╭─ Data extract

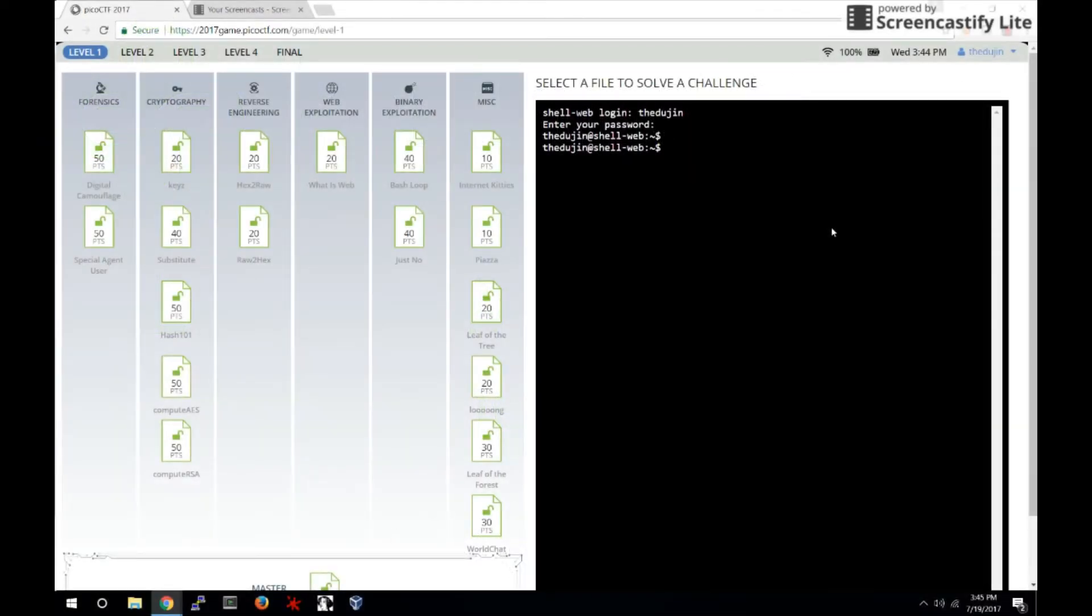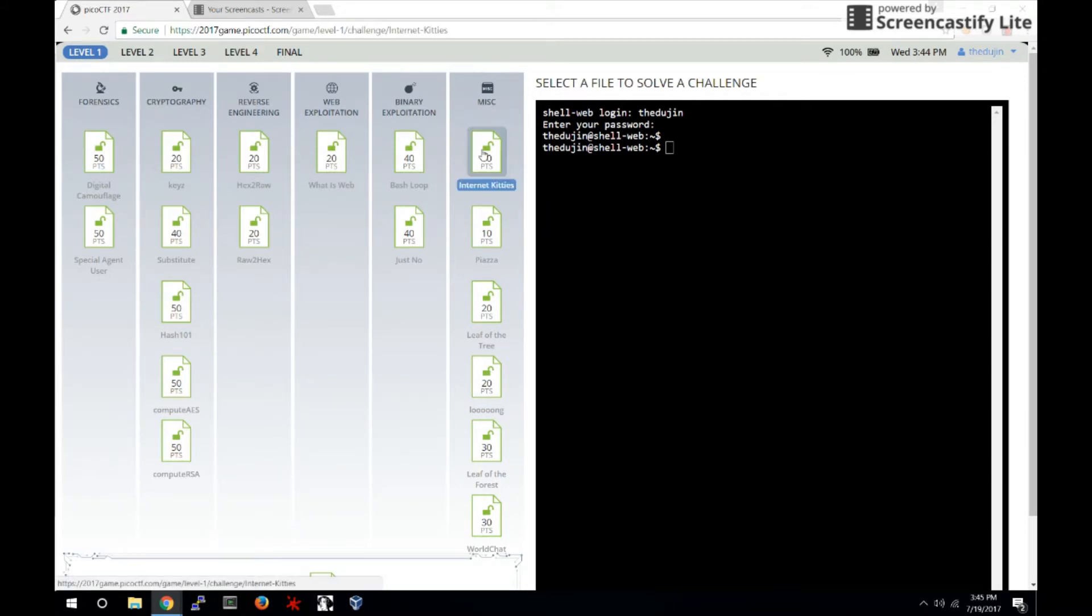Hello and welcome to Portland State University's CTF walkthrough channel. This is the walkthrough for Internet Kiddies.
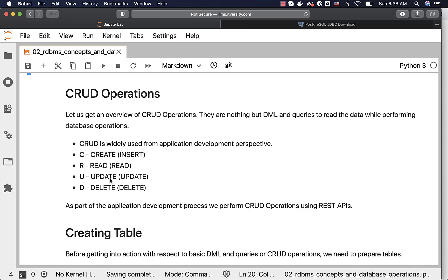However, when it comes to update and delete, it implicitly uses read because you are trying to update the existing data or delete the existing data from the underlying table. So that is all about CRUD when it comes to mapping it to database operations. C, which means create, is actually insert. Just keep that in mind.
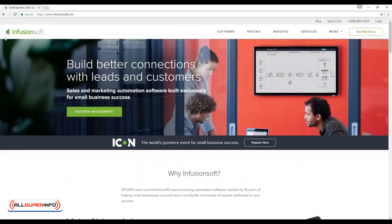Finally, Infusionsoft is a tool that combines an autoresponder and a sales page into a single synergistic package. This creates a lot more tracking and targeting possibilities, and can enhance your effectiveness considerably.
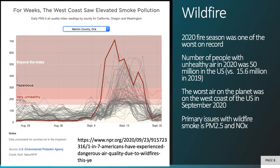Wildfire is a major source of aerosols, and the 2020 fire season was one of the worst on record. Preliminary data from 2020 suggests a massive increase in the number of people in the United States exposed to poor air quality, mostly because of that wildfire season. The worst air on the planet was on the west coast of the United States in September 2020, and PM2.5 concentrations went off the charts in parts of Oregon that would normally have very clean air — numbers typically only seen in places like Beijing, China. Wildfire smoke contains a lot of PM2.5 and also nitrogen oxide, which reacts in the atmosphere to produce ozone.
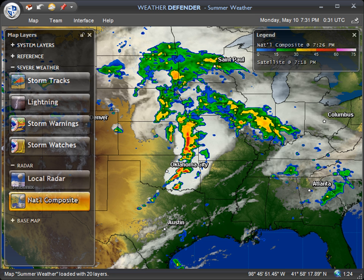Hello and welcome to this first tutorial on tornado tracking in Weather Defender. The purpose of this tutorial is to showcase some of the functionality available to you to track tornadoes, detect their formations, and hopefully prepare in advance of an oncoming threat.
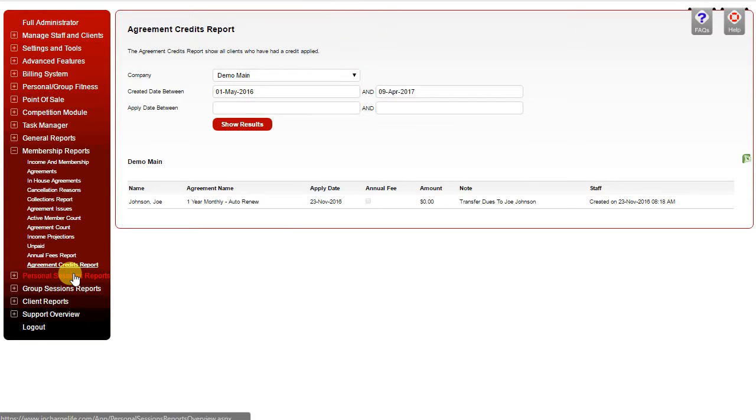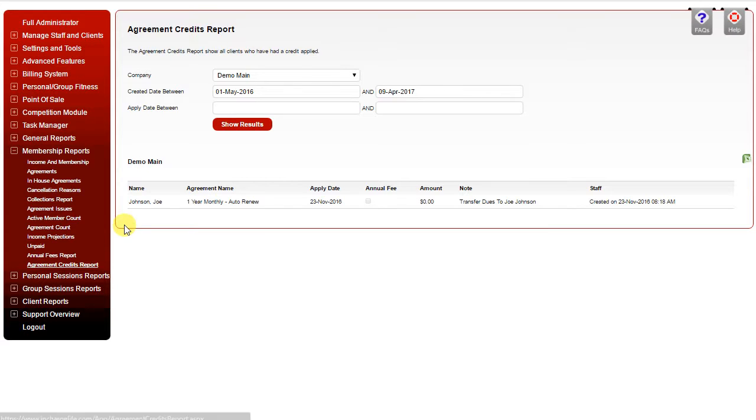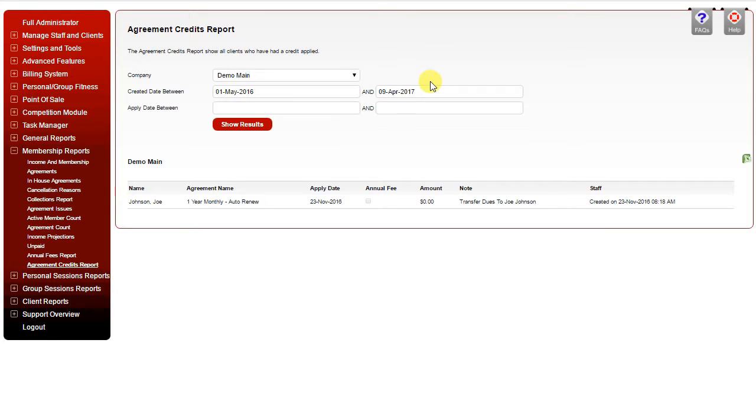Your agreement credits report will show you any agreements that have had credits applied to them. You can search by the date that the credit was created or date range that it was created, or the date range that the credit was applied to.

╰─
╭─ Data extract

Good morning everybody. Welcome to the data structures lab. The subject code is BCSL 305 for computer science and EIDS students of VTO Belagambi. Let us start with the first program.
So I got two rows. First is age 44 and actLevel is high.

╰─

> **Task brief**
Starting with the line that contains "However, when it" and finishing with the line that contains "Finally, Infusionsoft is", reproduce every line of the material above exactly, but not the pictures.

> **Exercise result**
However, when it comes to update and delete, it implicitly uses read because you are trying to update the existing data or delete the existing data from the underlying table. So that is all about CRUD when it comes to mapping it to database operations. C, which means create, is actually insert. Just keep that in mind.
Finally, Infusionsoft is a tool that combines an autoresponder and a sales page into a single synergistic package. This creates a lot more tracking and targeting possibilities, and can enhance your effectiveness considerably.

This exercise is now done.